## GIVEN INFORMATION:
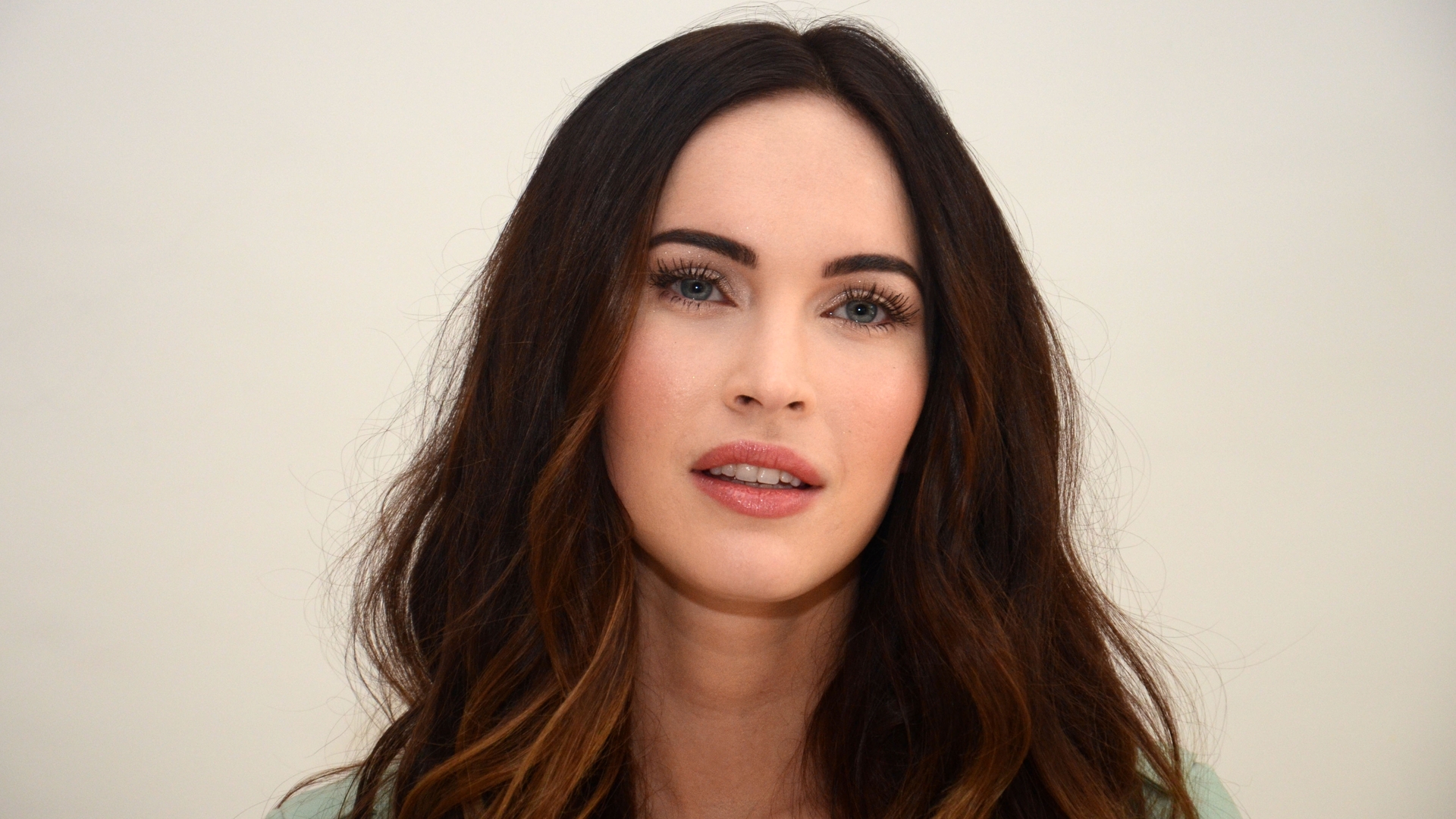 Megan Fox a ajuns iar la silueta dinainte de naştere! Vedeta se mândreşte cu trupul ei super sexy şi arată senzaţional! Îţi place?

* * *

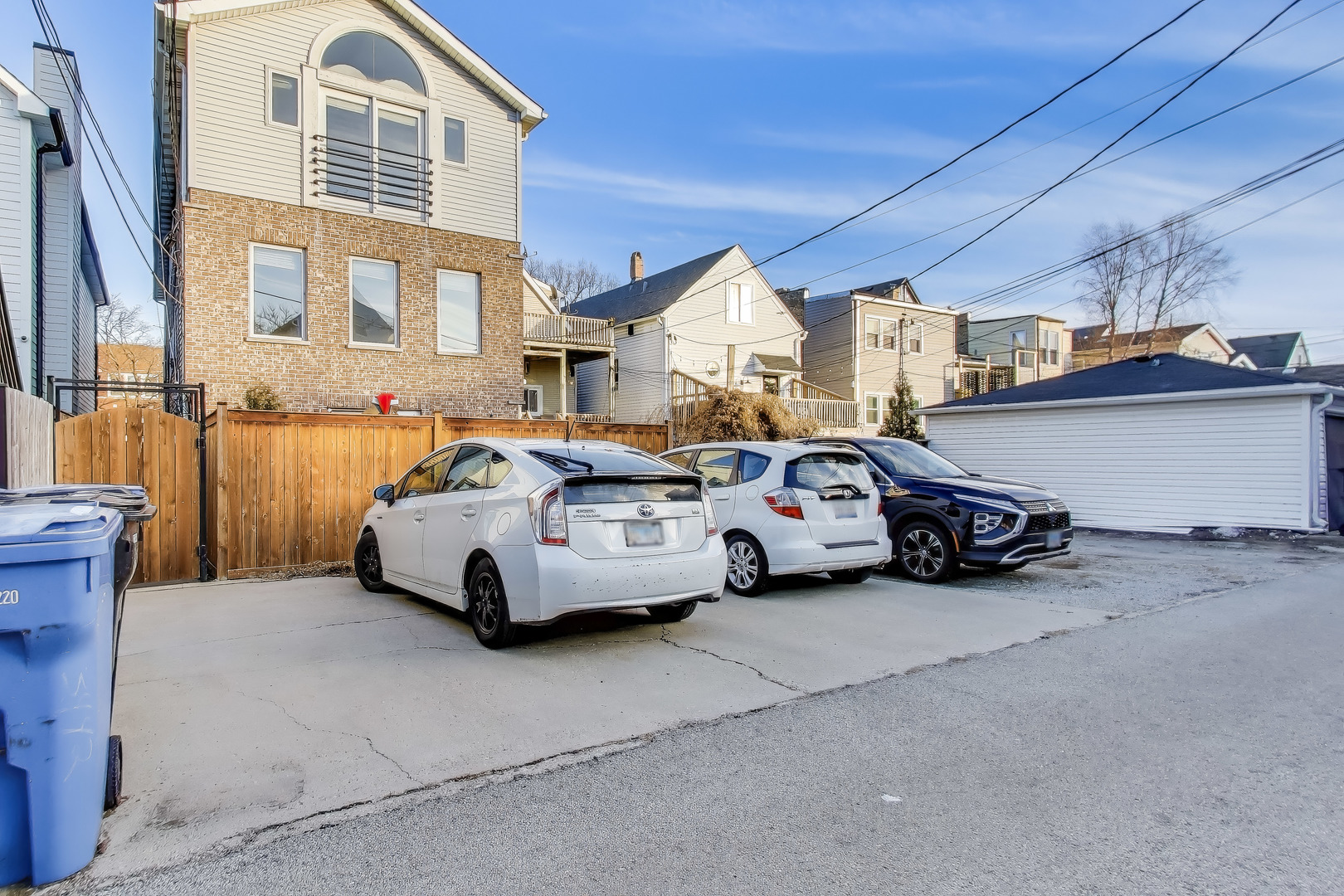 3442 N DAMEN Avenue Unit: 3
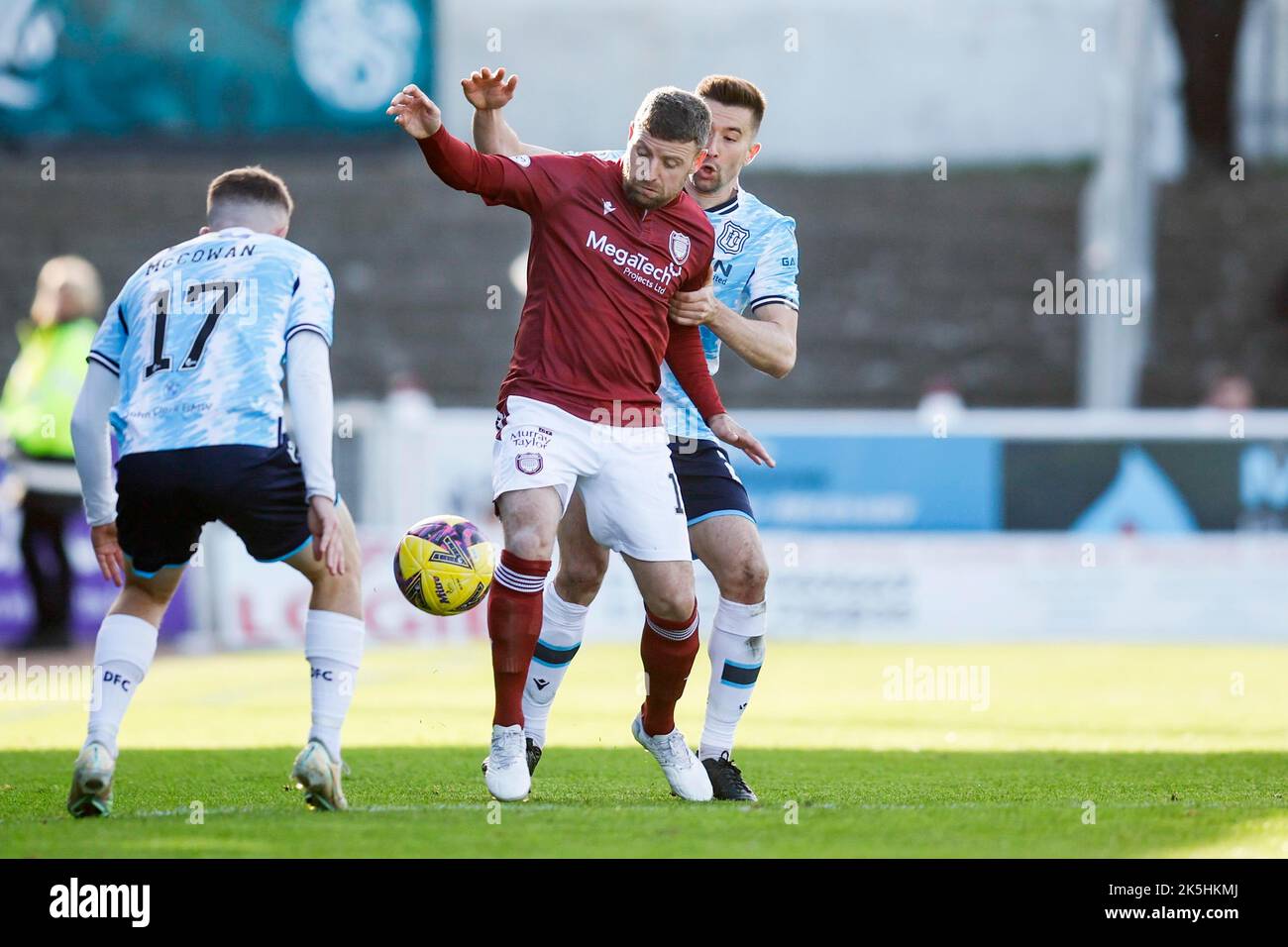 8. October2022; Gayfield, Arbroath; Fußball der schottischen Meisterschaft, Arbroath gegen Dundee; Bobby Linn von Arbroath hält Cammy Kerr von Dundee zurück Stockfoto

## WHAT IS BEING ASKED:
Give back exactly the lines of the listing above from the one that contains "3442 N DAMEN Avenue Unit: 3" up to and including the one that contains "8. October2022; Gayfield, Arbroath;", but not the pictures, and no other lines.

## FINAL ANSWER:
 3442 N DAMEN Avenue Unit: 3
 8. October2022; Gayfield, Arbroath; Fußball der schottischen Meisterschaft, Arbroath gegen Dundee; Bobby Linn von Arbroath hält Cammy Kerr von Dundee zurück Stockfoto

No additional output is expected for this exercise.